## RECORDS TO USE
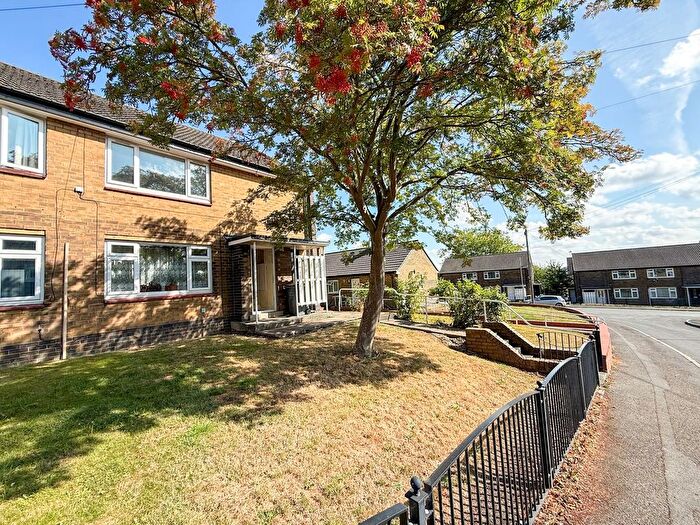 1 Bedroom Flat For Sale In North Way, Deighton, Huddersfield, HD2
...
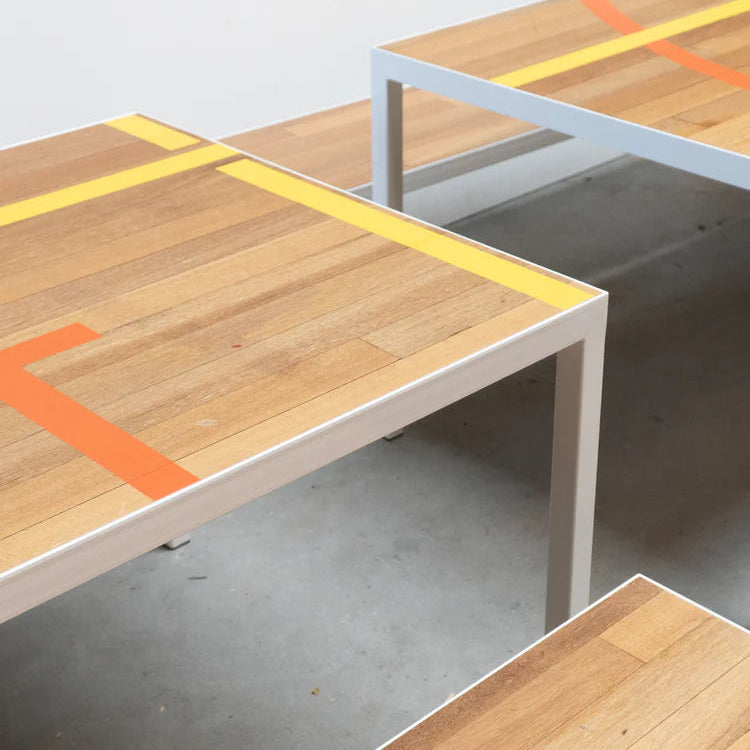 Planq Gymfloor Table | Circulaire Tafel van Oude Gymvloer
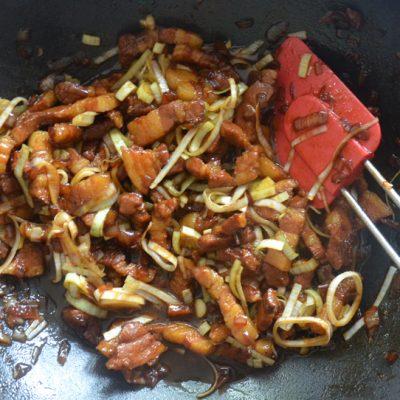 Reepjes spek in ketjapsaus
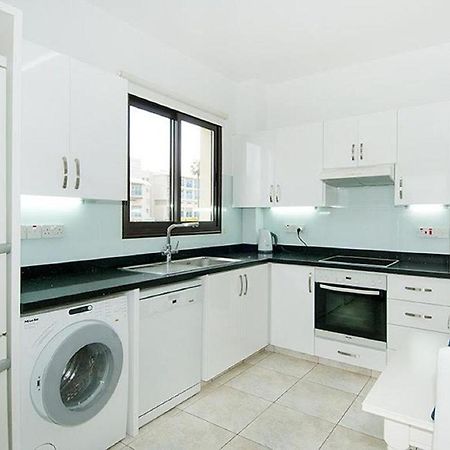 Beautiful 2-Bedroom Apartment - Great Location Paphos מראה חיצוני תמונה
==
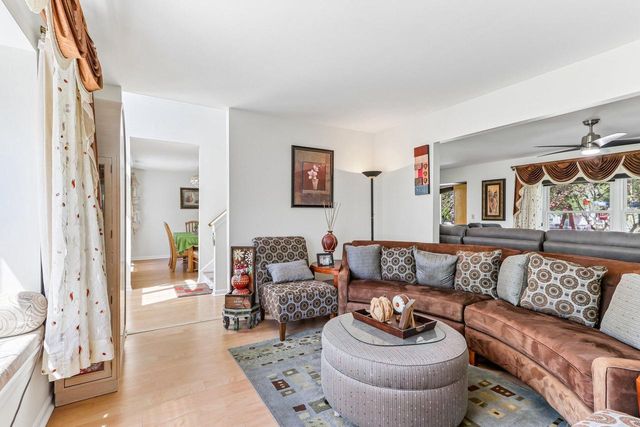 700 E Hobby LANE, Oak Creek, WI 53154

## EXERCISE DIRECTIONS
In the listing above, find the line containing "Planq Gymfloor Table" and the line containing "Beautiful 2-Bedroom Apartment", then write out both of them and every line between, exactly, with no pictures.

## COMPLETED TASK
 Planq Gymfloor Table | Circulaire Tafel van Oude Gymvloer
 Reepjes spek in ketjapsaus
 Beautiful 2-Bedroom Apartment - Great Location Paphos מראה חיצוני תמונה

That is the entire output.